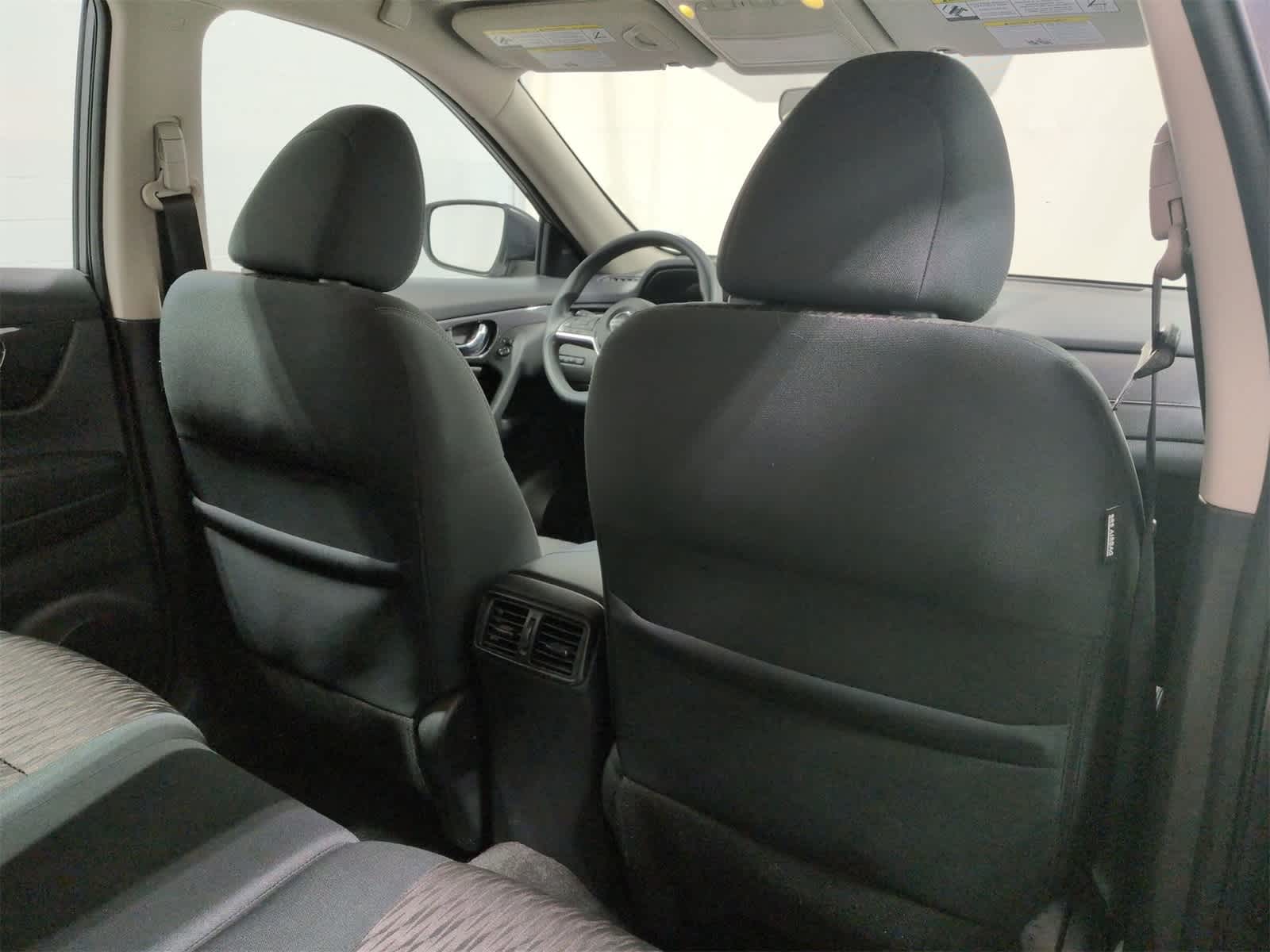 Thumbnail: 2018 Nissan Rogue - 18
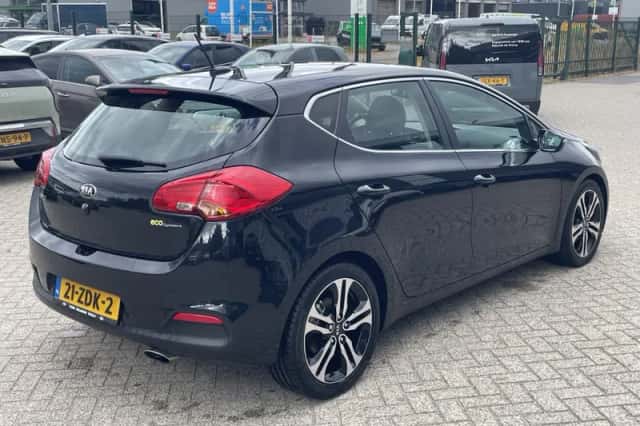 Kia Ceed (2012) thumbnail 6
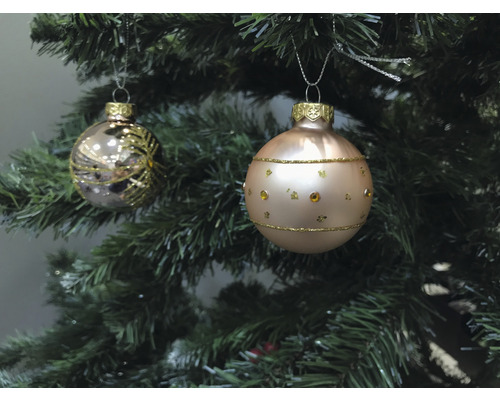 Dekorierte Christbaumkugeln hängen an einem Weihnachtsbaum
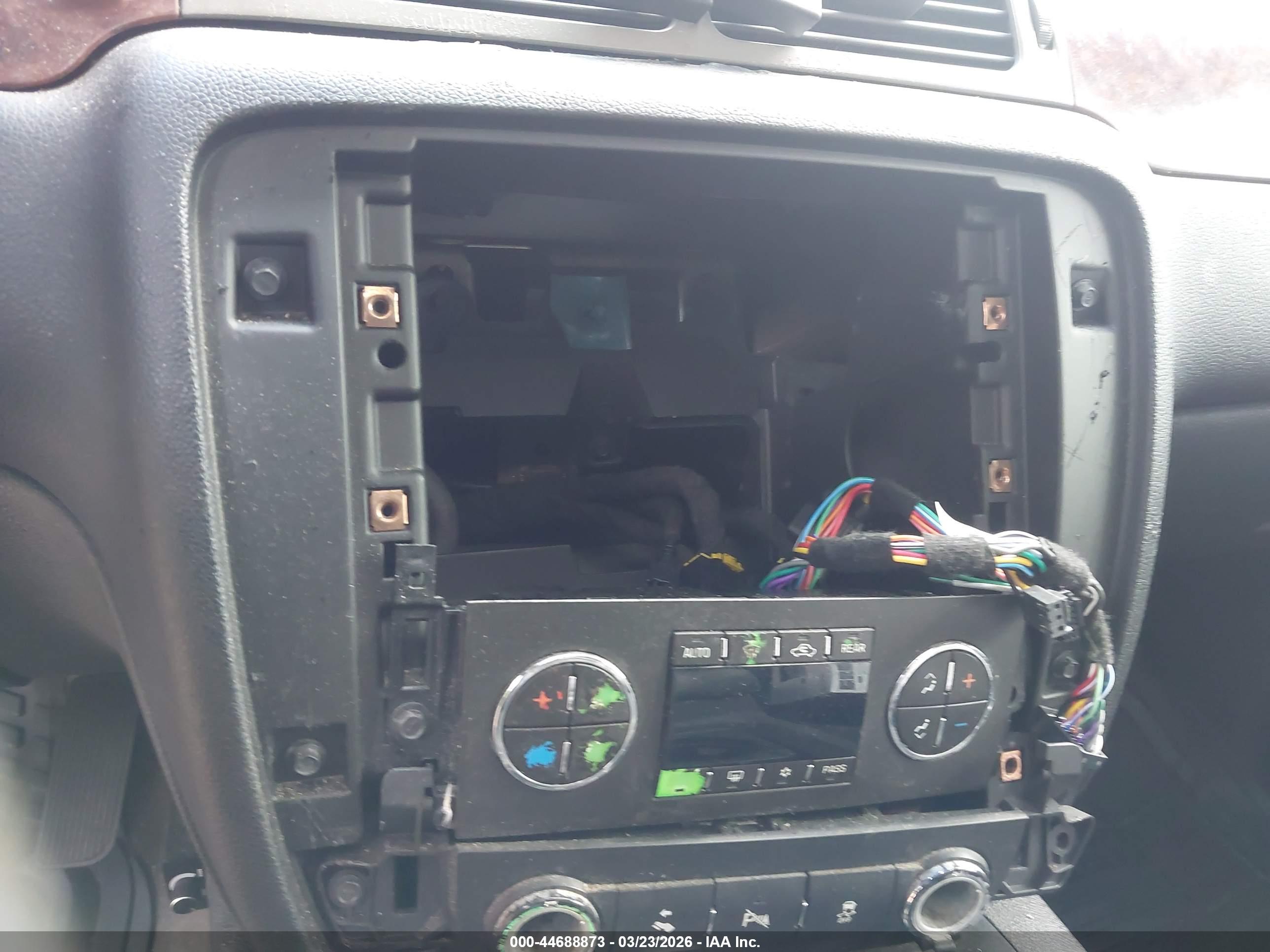 GMC YUKON image 6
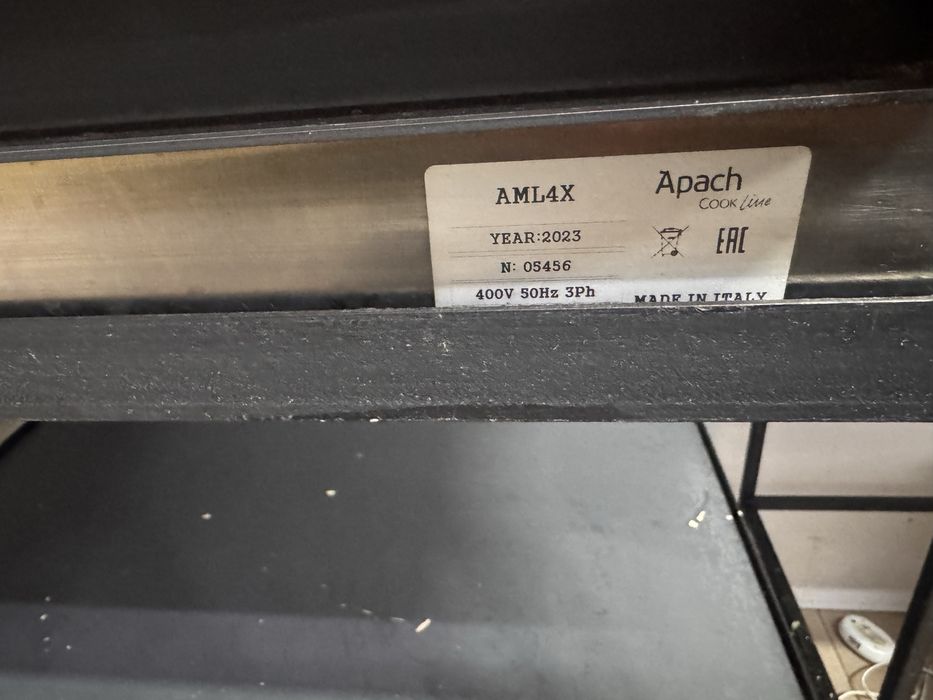 Професійна піч для піци  (італія)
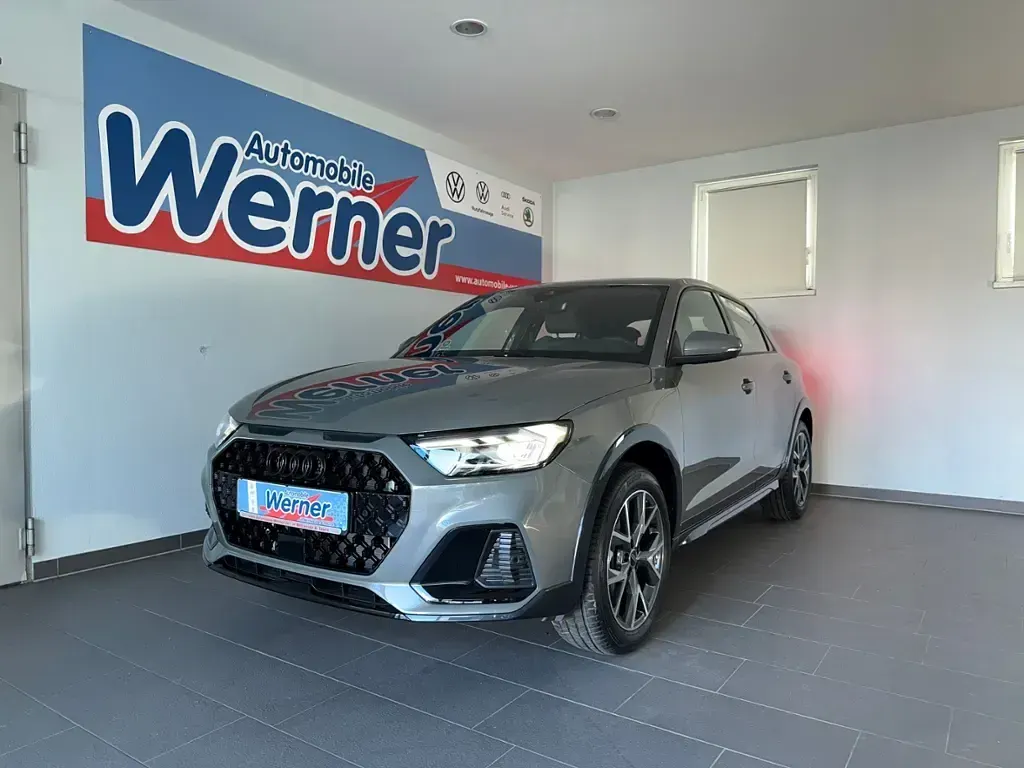 Nouvelle Audi A1 Ambiente 116 ch (85 kW) 2025 Gris SUV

TASK REQUIREMENTS:
Leave out the pictures and return the listing exactly.

SOLUTION FOR THIS EXERCISE:
 Thumbnail: 2018 Nissan Rogue - 18
 Kia Ceed (2012) thumbnail 6
 Dekorierte Christbaumkugeln hängen an einem Weihnachtsbaum
 GMC YUKON image 6
 Професійна піч для піци  (італія)
 Nouvelle Audi A1 Ambiente 116 ch (85 kW) 2025 Gris SUV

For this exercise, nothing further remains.